How meritocracies can promote gender-based biases

While appointing on merit is certainly fair, one report says it can destroy gender equality in the workplace if performed incorrectly

Senior business leaders have been called upon to avoid the ‘merit trap’ when appointing or promoting staff.
A new report by Chief Executive Women and Male Champions of Change, In the Eye of the Beholder: Avoiding the Merit Trap, delves into why appointing by merit can be used to mask a slew of unconscious biases that hinder the progress of women within organisations.
Major issues stem from the fact that evaluating potential is highly subjective, the report said. This means that those making recruitment and promotion decisions can have their judgment clouded by bias on what equates to merit and what does not.
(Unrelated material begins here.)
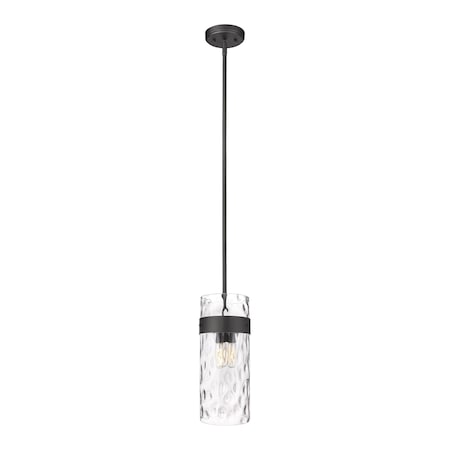 Z-Lite Fontaine 3 Light Pendant, Matte Black & Clear 3035P9-MB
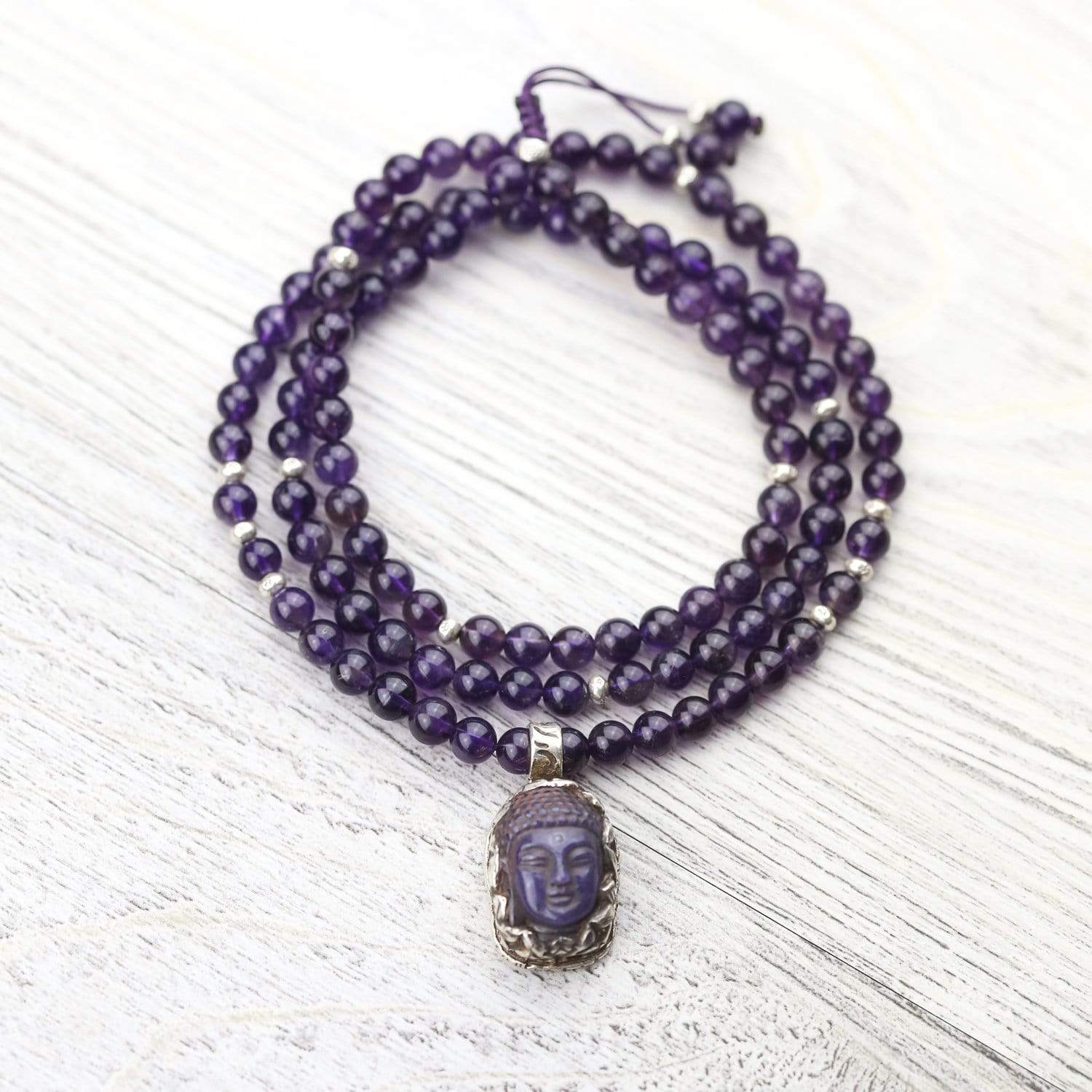 Authentic Amethyst Buddhist Meditation Mala Beads - 108 Prayer Beads for Yoga, Mindfulness & Spiritual Healing | Perfect for Meditation, Stress Relief & Positive Energy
The report highlighted four key biases that impact decision-making with evaluating someone’s merit:

  1. Affinity bias: the tendency for people to favour those who are like them
  2. Confirmation bias: actively seeking to confirm our beliefs and preferences
  3. Halo effect: thinking everything about a person is good because we like them
  4. Social and group think bias: agreeing with the majority or those senior to us

“When we use merit as shorthand for a package of admirable qualities that we innately recognise – that’s devaluing merit. Merit is hard. It needs to be assessed for each and every appointment,” said Diane Smith-Gander, President of Chief Executive Women.
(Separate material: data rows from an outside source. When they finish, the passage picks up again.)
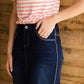 Stitch Detail Dark Denim Midi Skirt Skirts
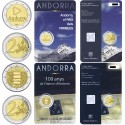 . 2 monedas x ANDORRA 2 EUROS 2017 CENTENARIO DEL HIMNO + ANDORRA PAIS DE LOS PIRINEOS SC @RARAS@ COINCARD/ESTUCHE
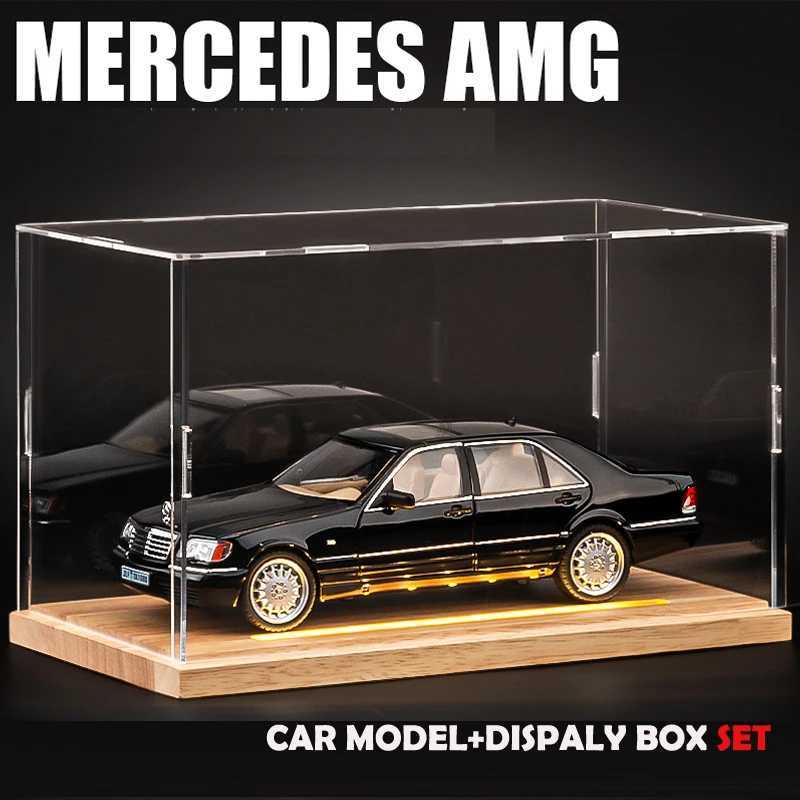 High Quality Die cast 1/24 Scale Mercedes Benz W140 320SEL Retro Car Model Set with LED Display Box Mini Audio Set Home Decoration T241025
In order to challenge the ‘merit trap’, it is necessary to look out for the warning signs in what you say about the appointment or promotion process, the report stated.
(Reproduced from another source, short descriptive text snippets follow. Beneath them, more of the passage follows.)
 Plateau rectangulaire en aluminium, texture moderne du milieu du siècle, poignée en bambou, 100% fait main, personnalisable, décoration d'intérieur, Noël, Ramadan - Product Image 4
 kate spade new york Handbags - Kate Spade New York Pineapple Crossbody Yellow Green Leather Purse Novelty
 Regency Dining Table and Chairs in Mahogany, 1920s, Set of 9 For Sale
For instance, saying “He’s a great cultural fit for the team” may reflect affinity bias and the tendency to select those most similar to us.
Likewise, “I don’t know her. I haven’t spent any time with her” reveals that only high visibility candidates are being considered – a trend which can overlook certain candidates with potential.
“Too often decision-makers think they’re selecting the best person for the job on the basis of merit, but in fact they’re favouring people who look like them or think like them and ignoring the organisation’s future needs. When this happens, they’ve fallen into the merit trap,” Smith-Gander said.
Checking your assumptions is key to evaluating merit in an unbiased way, the paper explained. This means considering factors such as the qualities of the individual you are assessing, your personal ideas about the best candidate, and the specific details of the job role.